Après la tempête, le ski… Pendant, c’est encore mieux, mais pas toujours possible ni souhaitable (cf. l’état des routes…).

Je suis arrivé à la station très fébrile; il m’a fallu 3/4 heure au moins pour dégager ma voiture ensevelie par les bons soins des déneigeurs avant de pouvoir prendre la route. Mon dos? Mouais, en piètre état… Je vais faire ce que je peux avec ce que j’ai….

Heureusement, le ski a des vertus. Celle de nous faire sourire, de nous rendre euphorique et de nous faire oublier la douleur. Contrairement aux non skieurs —ces éteignoirs— qui meuglent à chaque déferlement blanc, nous les skieurs célébrons avec fracas… 

Je suis arrivé juste à temps: à temps pour skier les sous-bois avant qu’ils ne ferment pour la nuit (mais à quoi pensez-vous? Les bouleaux & les épinettes ont aussi besoin de sommeil…); à temps pour skier la neige traffolée avant qu’elle ne soit damée… 

La température chute tranquillement — il n’y a que peu de gens à la montagne. Mais quand on est bien habillé, le froid N’EXISTE PLUS. Certains ont peur du vent (Météomédia n’est pas étranger à cette «tempête» phobique). J’en ai même rencontré qui était contre le vent, un peu comme on est contre le mouvement de la terre ou contre sa sphéricité… C’est vrai qu’on a les pommettes bien rouge quand on arrive en haut de la pente à l’aide de L’Éclipse ou de la Tempête-Express… En général, le rouge nous sied beaucoup mieux que le vert de toute façon…

Ma première?

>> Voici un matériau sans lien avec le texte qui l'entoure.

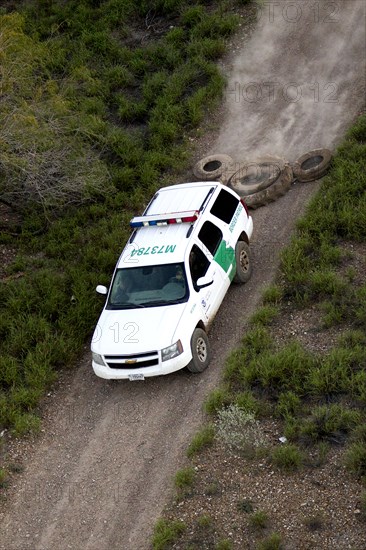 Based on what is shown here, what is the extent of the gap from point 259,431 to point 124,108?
416 inches

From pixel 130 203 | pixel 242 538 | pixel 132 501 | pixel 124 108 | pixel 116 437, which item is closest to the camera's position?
pixel 242 538

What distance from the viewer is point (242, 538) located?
10.7m

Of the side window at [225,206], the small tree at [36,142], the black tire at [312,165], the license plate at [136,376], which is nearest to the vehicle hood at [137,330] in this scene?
the license plate at [136,376]

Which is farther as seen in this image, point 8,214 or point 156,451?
point 8,214

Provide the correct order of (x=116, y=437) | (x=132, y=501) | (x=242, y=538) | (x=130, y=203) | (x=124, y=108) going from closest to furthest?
(x=242, y=538) → (x=132, y=501) → (x=116, y=437) → (x=130, y=203) → (x=124, y=108)

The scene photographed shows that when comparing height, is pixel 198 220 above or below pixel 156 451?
above

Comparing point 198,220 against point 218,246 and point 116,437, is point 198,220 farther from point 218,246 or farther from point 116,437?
point 116,437

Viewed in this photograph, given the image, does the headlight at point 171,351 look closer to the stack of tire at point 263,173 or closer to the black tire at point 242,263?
the black tire at point 242,263

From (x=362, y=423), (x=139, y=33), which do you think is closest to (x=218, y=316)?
(x=362, y=423)

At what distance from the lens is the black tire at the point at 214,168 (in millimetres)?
18250

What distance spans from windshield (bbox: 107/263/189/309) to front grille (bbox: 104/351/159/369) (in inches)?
37.3

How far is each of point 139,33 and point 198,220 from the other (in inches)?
411

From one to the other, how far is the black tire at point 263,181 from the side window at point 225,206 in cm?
190

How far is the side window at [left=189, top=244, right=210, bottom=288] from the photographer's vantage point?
13.8 metres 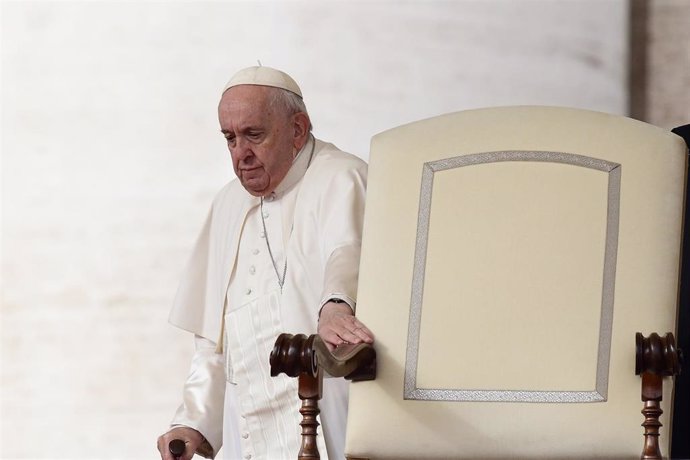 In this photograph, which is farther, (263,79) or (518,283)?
(263,79)

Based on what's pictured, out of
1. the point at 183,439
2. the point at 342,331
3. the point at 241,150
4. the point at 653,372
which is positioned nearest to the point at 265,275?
the point at 241,150

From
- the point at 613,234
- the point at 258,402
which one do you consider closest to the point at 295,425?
the point at 258,402

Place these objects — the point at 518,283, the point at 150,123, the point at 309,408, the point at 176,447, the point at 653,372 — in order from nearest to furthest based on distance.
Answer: the point at 653,372 < the point at 309,408 < the point at 518,283 < the point at 176,447 < the point at 150,123

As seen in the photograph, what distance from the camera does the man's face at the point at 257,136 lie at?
11.6ft

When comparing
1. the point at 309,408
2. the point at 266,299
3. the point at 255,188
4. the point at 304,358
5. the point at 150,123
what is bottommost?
the point at 309,408

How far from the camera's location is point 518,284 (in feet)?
9.62

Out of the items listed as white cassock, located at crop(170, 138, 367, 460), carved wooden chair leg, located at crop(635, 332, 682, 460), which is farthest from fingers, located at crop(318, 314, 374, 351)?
carved wooden chair leg, located at crop(635, 332, 682, 460)

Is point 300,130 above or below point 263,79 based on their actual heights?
below

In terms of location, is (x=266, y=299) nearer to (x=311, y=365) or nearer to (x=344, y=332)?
(x=344, y=332)

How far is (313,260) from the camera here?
11.5 feet

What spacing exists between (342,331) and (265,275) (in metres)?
0.68

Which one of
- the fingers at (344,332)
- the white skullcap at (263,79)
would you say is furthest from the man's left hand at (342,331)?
the white skullcap at (263,79)

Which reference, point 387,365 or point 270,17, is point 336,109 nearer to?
point 270,17

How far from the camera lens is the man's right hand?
3.50 m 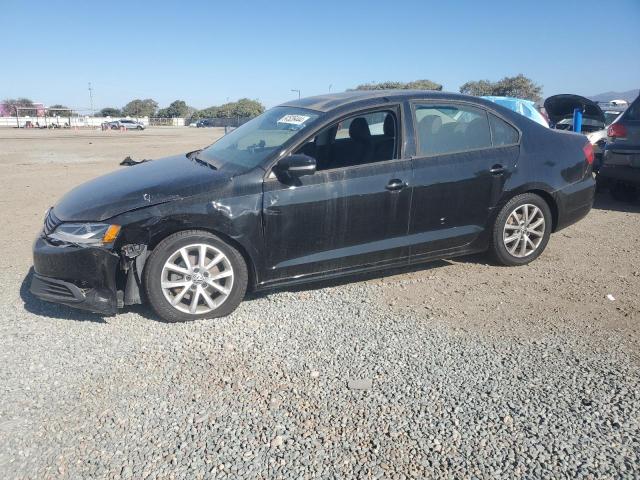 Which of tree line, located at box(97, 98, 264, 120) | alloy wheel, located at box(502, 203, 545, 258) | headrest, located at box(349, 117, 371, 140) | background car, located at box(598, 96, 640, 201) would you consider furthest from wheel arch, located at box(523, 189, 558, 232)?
tree line, located at box(97, 98, 264, 120)

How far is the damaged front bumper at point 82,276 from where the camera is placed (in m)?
3.71

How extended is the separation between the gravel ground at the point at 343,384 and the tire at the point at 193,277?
14 centimetres

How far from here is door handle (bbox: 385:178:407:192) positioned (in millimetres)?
4285

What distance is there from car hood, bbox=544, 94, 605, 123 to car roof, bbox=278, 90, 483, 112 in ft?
23.5

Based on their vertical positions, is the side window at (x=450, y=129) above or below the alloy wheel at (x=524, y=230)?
above

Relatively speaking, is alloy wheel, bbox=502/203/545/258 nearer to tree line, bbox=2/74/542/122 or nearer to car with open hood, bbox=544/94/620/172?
car with open hood, bbox=544/94/620/172

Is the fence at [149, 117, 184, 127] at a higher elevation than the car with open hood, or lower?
lower

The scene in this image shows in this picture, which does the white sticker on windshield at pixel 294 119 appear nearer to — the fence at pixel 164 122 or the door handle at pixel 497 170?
the door handle at pixel 497 170

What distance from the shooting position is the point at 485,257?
5.39 m

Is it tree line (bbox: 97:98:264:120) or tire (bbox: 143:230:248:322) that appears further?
tree line (bbox: 97:98:264:120)

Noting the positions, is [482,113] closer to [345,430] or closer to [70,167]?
[345,430]

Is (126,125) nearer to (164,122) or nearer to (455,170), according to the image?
(164,122)

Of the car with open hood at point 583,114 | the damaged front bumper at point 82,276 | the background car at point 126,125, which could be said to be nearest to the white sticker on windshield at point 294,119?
the damaged front bumper at point 82,276

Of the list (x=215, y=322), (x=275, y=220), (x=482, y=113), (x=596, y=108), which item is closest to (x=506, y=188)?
(x=482, y=113) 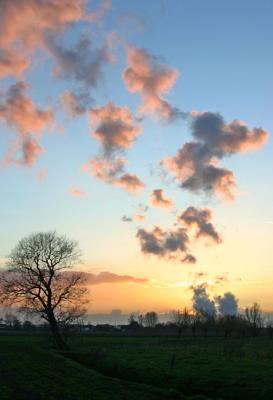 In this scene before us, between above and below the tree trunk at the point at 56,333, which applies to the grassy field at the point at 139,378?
below

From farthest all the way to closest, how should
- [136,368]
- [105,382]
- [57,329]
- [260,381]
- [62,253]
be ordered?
1. [62,253]
2. [57,329]
3. [136,368]
4. [105,382]
5. [260,381]

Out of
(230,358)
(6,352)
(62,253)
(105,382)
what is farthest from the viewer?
(62,253)

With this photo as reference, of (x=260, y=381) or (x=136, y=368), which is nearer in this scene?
(x=260, y=381)

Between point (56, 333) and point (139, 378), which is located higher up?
point (56, 333)

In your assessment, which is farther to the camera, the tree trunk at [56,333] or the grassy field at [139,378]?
the tree trunk at [56,333]

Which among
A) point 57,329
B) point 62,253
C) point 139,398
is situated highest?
point 62,253

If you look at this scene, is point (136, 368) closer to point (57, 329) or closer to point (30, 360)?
point (30, 360)

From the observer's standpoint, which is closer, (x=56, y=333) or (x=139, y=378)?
(x=139, y=378)

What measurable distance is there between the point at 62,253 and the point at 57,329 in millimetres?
11265

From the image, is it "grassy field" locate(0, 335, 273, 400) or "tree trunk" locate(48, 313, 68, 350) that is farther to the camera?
"tree trunk" locate(48, 313, 68, 350)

La Gonet. Du côté gauche, en bord de piste. Superbe. J’en profite pour bouger plus que de raison, histoire de dérouiller mes vieux muscles… Ensuite, j’enchaîne la Walter-Moisan, La Rock’ n’roll, etc. Pendant ce temps là, les dameuses s’affairent patiemment. Je passe aux petits sous-bois: La Wapiti, La Caribou, L’Orignal, La Boréale. Les conditions se qualifieraient de seigneuriales…

Dans le bois, je m’arrête près d’un digne hêtre — orme? (NDLR il est préférable de s’arrêter près que de s’arrêter dedans)… Oups, je constate qu’il trône au-dessus d’une petite constellation de ronds de pipi. J’en suis un peu outré au départ mais je pardonne vite à ces skieurs qui ont probablement confondu pistes et hors-pisse… Il ne faudrait pas par ailleurs que nous nous méprenions à notre tour; ce n’est pas parce que la couche d’eau jaune se porte bien que le climat est sauf. Loin de là. Ce n’est pas le cas:

Je me suis surpris à désirer le damé. Surtout de ce genre là; mou, doux, soyeux, velouté…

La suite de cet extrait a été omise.